ASSIGNMENT: Pictures in the data should be dropped; transcribe exactly the lines from the one that has "PHOX2B (7H13)兔单抗,PHOX2B (7H13)" through the one that has "Có nhiều phương".

:: DATA FOR REVIEW

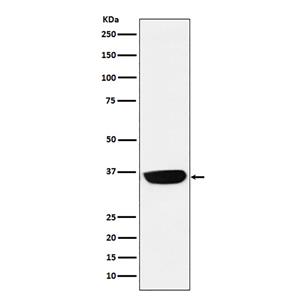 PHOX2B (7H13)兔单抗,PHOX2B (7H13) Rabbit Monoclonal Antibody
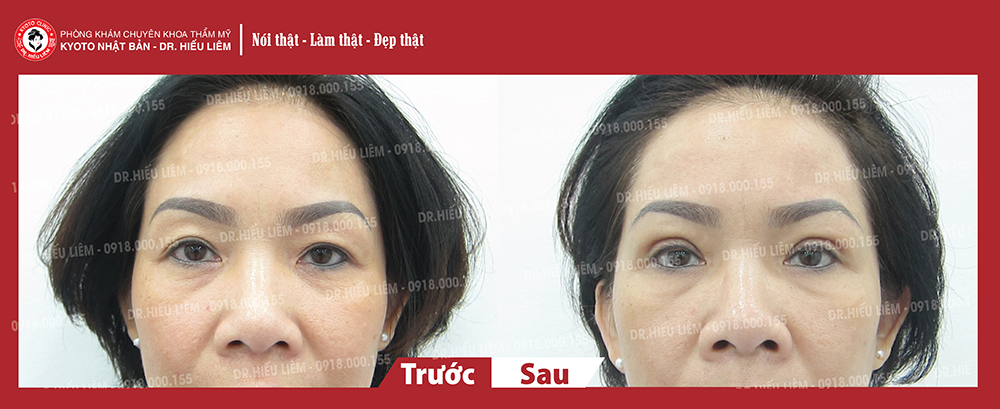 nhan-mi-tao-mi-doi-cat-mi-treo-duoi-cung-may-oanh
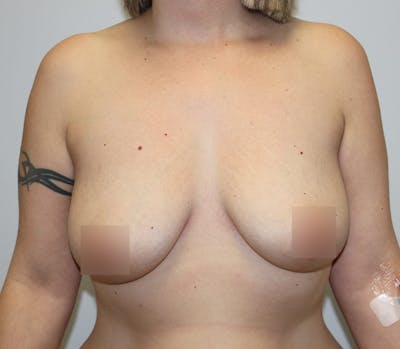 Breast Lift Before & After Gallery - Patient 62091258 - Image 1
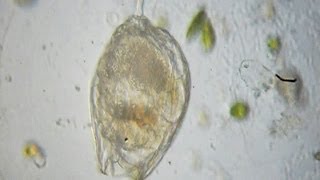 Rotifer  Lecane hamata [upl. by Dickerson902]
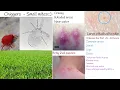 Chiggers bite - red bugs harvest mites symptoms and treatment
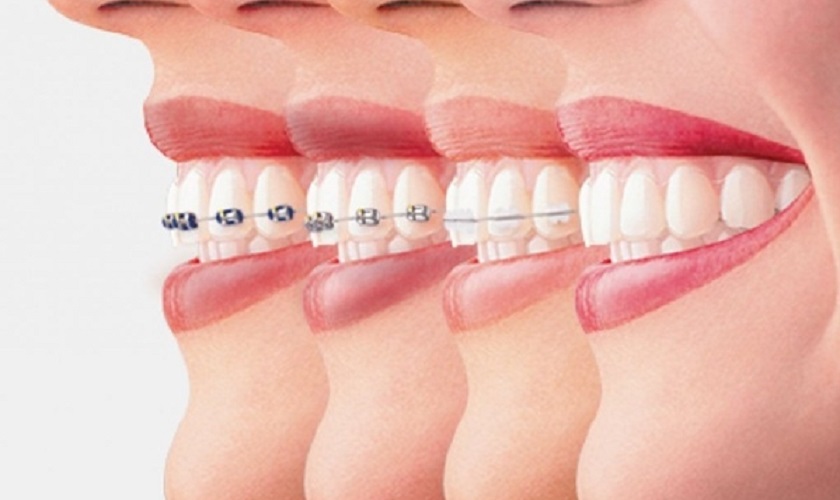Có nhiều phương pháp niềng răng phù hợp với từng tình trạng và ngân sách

::::
:: DATA FOR REVIEW

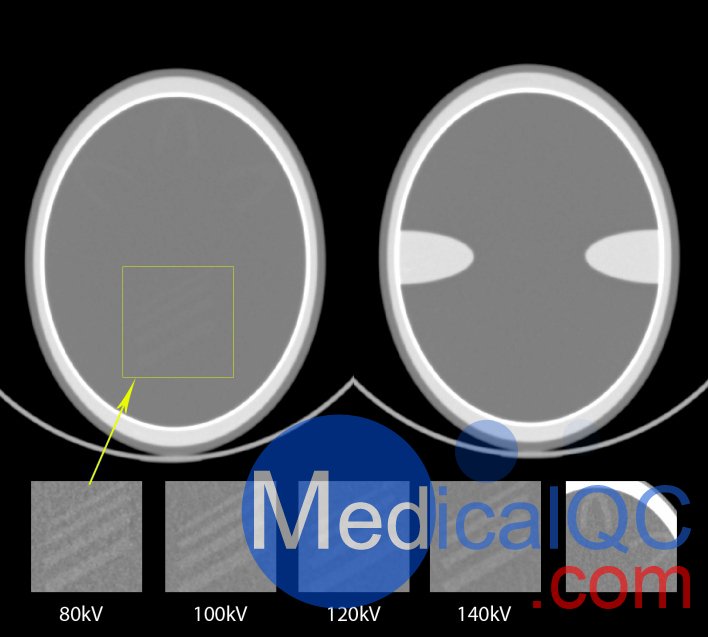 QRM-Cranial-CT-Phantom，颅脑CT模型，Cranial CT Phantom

::::
:: DATA FOR REVIEW

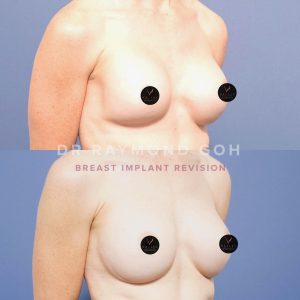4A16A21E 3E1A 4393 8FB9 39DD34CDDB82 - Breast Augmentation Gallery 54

::::

SOLUTION TO THIS TASK:
 PHOX2B (7H13)兔单抗,PHOX2B (7H13) Rabbit Monoclonal Antibody
 nhan-mi-tao-mi-doi-cat-mi-treo-duoi-cung-may-oanh
 Breast Lift Before & After Gallery - Patient 62091258 - Image 1
 Rotifer  Lecane hamata [upl. by Dickerson902]
 Chiggers bite - red bugs harvest mites symptoms and treatment
Có nhiều phương pháp niềng răng phù hợp với từng tình trạng và ngân sách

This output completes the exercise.